● What is being asked:
Set down exactly, with nothing added, the lines from the one containing "亚美尼亚对中国免签吗,亚美尼亚对俄罗斯免签" through the end of the entries.
[[ Extracted information, beginning ]]
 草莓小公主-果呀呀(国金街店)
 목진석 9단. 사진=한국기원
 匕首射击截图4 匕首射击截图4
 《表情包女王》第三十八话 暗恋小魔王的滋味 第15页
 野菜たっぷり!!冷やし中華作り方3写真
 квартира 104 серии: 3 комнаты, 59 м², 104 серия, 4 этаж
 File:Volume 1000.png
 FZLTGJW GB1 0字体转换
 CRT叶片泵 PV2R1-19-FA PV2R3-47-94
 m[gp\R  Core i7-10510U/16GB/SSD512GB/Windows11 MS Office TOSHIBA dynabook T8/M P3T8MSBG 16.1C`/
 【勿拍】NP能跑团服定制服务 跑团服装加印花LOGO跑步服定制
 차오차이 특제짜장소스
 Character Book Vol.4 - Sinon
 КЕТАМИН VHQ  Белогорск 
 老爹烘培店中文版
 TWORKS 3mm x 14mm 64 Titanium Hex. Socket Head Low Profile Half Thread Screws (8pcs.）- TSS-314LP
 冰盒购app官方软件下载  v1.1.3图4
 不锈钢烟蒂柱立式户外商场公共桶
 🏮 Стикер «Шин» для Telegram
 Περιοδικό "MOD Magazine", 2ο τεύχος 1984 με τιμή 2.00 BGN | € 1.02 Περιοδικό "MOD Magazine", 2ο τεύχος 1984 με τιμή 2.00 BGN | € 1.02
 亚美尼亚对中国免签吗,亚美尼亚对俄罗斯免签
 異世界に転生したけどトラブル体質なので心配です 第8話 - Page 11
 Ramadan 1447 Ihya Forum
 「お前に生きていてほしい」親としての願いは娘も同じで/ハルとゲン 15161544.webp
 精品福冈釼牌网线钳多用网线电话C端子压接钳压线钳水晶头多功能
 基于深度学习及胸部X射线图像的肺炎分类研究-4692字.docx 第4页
[[ Extracted information, end ]]
● Answer below:
 亚美尼亚对中国免签吗,亚美尼亚对俄罗斯免签
 異世界に転生したけどトラブル体質なので心配です 第8話 - Page 11
 Ramadan 1447 Ihya Forum
 「お前に生きていてほしい」親としての願いは娘も同じで/ハルとゲン 15161544.webp
 精品福冈釼牌网线钳多用网线电话C端子压接钳压线钳水晶头多功能
 基于深度学习及胸部X射线图像的肺炎分类研究-4692字.docx 第4页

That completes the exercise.